Usage instructions

The examples below assume you’ve installed the streamsets library, activated the library, and are inside a Python 3.4+ interpreter.

Use of the SDK begins by importing the library. For convenience, we tend to directly import the classes we need:

>>> from streamsets.sdk import DataCollector

Next, create an instance of streamsets.sdk.DataCollector, passing in the URL of your StreamSets Data Collector instance:

>>> data_collector = DataCollector('http://localhost:18630')

Credentials

If no user credentials are passed to streamsets.sdk.DataCollector when it’s being instantiated, streamsets.sdk.sdc.DEFAULT_SDC_USERNAME and streamsets.sdk.sdc.DEFAULT_SDC_PASSWORD will be used for the username and password arguments, respectively. If your Data Collector instance is registered with StreamSets Control Hub, your Control Hub credentials need to be used to instantiate an instance of streamsets.sdk.ControlHub before it’s passed as an argument to streamsets.sdk.DataCollector instead:

>>> from streamsets.sdk import ControlHub
>>> control_hub = ControlHub('https://cloud.streamsets.com',
                             username=<your username>,
                             password=<your password>)
>>> data_collector = DataCollector('http://localhost:18630', control_hub=control_hub)

Creating a pipeline

Next, you can now get an instance of streamsets.sdk.sdc_models.PipelineBuilder:

>>> builder = data_collector.get_pipeline_builder()

We get streamsets.sdk.sdc_models.Stage instances from this builder by calling streamsets.sdk.sdc_models.PipelineBuilder.add_stage().

See the API reference for this method for details on the arguments it takes.

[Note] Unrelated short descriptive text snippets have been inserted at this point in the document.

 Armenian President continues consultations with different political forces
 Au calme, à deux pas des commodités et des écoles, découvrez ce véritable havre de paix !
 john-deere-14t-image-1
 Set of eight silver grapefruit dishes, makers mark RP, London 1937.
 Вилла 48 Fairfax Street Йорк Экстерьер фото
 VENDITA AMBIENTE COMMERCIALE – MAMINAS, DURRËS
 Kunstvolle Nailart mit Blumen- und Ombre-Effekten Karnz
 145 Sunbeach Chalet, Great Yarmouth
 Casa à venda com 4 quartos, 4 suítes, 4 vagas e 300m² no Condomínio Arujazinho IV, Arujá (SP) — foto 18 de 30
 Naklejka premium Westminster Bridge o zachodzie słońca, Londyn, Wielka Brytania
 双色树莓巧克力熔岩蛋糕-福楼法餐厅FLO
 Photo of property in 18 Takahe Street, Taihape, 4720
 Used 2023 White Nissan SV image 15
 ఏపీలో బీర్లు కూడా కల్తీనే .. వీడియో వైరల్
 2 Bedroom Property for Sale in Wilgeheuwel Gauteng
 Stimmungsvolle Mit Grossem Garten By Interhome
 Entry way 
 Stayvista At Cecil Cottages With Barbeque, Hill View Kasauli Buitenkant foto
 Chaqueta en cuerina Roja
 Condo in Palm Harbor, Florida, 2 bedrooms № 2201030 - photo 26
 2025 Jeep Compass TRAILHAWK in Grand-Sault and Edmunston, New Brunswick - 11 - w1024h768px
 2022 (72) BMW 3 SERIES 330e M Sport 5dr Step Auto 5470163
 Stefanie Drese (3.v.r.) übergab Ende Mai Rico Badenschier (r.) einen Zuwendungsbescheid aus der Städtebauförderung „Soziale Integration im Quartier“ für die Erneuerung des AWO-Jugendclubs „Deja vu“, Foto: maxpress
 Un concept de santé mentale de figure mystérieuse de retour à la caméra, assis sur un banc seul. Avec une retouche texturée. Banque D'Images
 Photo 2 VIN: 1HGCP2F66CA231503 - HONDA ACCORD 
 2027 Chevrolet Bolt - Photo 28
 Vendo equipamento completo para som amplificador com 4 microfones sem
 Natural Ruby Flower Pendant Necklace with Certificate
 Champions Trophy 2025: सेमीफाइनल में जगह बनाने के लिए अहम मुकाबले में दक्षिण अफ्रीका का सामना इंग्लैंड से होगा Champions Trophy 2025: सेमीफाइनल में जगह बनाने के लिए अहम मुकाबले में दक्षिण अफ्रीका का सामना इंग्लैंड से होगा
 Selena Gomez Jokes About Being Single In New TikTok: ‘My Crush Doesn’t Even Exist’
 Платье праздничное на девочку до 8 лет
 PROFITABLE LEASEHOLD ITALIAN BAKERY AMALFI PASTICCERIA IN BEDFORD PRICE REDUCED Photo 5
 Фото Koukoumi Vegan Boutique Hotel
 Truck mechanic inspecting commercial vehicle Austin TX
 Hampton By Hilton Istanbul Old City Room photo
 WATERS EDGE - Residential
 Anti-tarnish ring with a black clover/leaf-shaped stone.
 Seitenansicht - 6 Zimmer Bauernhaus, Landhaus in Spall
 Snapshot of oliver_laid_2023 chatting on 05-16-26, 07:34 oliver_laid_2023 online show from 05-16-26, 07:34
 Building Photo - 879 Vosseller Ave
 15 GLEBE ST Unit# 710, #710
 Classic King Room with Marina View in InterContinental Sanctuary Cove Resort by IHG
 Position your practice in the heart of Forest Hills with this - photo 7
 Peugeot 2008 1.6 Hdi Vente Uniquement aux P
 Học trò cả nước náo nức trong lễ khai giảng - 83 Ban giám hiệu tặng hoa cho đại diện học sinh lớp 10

As shown in the first example, the simplest type of pipeline directs one origin into one destination. For this example, we do this with Dev Raw Data Source origin and Trash destination, respectively:

>>> dev_raw_data_source = builder.add_stage('Dev Raw Data Source')
>>> trash = builder.add_stage('Trash')

With streamsets.sdk.sdc_models.Stage instances in hand, we can connect them by using the >> operator, and then building a streamsets.sdk.sdc_models.Pipeline instance with the streamsets.sdk.sdc_models.PipelineBuilder.build() method:

>>> dev_raw_data_source >> trash
>>> pipeline = builder.build('My first pipeline')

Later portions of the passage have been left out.